Benim oyunlarda ilgilendiğim en önemli şey her zaman hikaye olmuştu. Hikaye her şeyin başlangıcıdır. İnsanların kendi hayatlarında yaşadıkları bütün acılarda, bütün ilişkilerde esas olan aslında hikayedir. Peki ama neden hikaye? Her şey yaşanıp bittiğinde ve geride iyi kötü bazı şeylere dair kırıntılar kaldığında bu ne anlama geliyor?
Oyunlar ve hayat birbirinden çok ilintisiz kavramlar değil. Bir yandan oyunlar, diğer yandan hayat ve bu iki kavramın yan yana paralel ilerleyişi bizim kişisel hikayelerimizi, kimi zaman ise kendi mitolojilerimizi yaratmamıza neden olmakta.
Bütün her şeyi anlamlandırmaya çalıştığımız vakit elimizde genellikle sıfırla kalıyoruz, her şey sıfırdan çıktığında ise en fazla iki ileri gidebiliyoruz, eninde sonunda hepimiz kişisel tarihimizi, kırıklıklarımızı ve mitolojilerimizi tekrar baştan canlandırmaya mahkumuz.
Bunu nereden mi biliyorum? Oynadığım binlerce oyun ve bu oyunların hikayelerini geçtim, tanıdığım binlerce insan ve onların hikayelerinden biliyorum, kimi zaman bu iki grubu karşılaştırıyorum kafamda ve elimde tanıdık acılar, tanıdık mutluluklar ve bir o kadar birbirinden uzak olaylar silsilesine tanık oluyorum. Erkek bir kadını sever, kadın başkasını, erkek gönlünü kadına kaptırır, kadın başkasını delicesine ister, bu zincir bir adım geriye indirgenir, kadını isteyen erkeği isteyen başka bir kadın mutlaka vardır, bütün bunlar kendisini kuyruğundan yemeye çalışan çember çizen bir yılan gibi birbirini takip eder, bunların gerçekleşme sürecinde olanlara ise yaşam adını veririz.

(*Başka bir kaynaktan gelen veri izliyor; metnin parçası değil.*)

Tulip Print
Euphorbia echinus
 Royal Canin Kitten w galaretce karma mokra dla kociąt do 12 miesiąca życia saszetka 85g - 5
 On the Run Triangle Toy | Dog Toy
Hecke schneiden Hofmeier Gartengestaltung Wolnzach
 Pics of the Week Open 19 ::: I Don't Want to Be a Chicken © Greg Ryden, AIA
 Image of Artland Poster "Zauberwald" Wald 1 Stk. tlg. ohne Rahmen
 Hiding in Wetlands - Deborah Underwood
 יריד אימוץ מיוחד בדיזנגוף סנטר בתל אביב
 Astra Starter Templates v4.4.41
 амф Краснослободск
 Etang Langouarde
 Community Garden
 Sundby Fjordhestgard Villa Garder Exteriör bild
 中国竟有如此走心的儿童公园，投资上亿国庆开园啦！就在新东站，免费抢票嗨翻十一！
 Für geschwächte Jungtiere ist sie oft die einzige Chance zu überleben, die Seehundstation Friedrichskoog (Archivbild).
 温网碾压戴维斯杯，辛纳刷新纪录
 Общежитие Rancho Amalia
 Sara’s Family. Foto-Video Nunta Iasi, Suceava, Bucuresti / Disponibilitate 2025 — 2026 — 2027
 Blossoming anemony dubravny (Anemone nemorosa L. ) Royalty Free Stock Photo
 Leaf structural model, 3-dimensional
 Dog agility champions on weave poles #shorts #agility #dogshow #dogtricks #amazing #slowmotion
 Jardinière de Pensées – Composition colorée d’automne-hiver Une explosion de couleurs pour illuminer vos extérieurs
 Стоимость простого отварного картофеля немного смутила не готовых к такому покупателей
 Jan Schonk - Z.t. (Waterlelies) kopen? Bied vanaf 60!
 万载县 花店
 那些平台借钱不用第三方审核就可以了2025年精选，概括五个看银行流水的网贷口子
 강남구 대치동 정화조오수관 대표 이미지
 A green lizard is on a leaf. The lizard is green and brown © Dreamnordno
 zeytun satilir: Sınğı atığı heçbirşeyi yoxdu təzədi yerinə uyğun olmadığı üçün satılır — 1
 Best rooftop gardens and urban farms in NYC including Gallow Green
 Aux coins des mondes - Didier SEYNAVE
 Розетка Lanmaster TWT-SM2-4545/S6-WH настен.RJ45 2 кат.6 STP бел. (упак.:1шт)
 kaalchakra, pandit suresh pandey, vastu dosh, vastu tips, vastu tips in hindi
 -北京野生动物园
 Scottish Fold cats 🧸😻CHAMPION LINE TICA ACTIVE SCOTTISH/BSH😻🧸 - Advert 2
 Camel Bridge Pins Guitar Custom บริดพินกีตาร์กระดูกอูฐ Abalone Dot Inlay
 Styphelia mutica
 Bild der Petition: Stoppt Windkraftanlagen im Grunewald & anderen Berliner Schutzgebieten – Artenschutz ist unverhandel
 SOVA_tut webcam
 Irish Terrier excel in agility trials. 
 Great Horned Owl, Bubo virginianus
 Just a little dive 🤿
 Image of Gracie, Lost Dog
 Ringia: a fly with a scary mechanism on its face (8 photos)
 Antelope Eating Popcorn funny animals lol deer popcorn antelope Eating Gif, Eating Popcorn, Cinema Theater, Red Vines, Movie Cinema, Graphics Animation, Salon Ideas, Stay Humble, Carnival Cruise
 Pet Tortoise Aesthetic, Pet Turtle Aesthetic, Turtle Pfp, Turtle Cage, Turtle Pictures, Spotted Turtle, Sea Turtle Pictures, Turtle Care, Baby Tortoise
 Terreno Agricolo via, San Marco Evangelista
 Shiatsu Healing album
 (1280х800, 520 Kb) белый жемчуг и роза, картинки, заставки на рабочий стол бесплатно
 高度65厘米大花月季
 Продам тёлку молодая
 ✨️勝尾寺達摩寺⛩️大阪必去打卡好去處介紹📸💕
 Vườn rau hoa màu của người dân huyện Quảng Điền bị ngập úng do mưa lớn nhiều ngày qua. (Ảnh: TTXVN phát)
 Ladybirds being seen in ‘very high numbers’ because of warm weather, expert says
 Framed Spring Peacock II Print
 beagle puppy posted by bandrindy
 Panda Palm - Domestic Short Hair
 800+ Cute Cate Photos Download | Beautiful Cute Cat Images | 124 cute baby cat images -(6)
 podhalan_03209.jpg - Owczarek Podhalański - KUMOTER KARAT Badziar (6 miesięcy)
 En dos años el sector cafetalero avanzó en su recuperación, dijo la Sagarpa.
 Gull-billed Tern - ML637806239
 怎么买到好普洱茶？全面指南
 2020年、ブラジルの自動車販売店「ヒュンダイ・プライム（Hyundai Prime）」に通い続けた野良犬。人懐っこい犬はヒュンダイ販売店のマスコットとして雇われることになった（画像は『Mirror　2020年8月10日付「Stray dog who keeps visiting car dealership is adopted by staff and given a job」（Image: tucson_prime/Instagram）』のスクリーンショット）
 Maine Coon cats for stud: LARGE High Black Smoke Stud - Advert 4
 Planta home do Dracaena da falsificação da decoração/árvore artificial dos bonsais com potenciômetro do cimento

Peki bütün bu bahsettiklerimin yeni jenerasyon oyun teknolojileri ve oyun şirketlerinin bize E3’te pompaladıkları küçük heyecan parçaları ile ne ilgisi var? Çok ilgisi var aslında. George Lucas geçtiğimiz günler de oldukça çapsız bir laf etti, oyunların bir spora dönüştüğünü ve kontrol cihazını elinize aldığınız an hikayelerin ruhunu kaybettiğinden dem vurdu.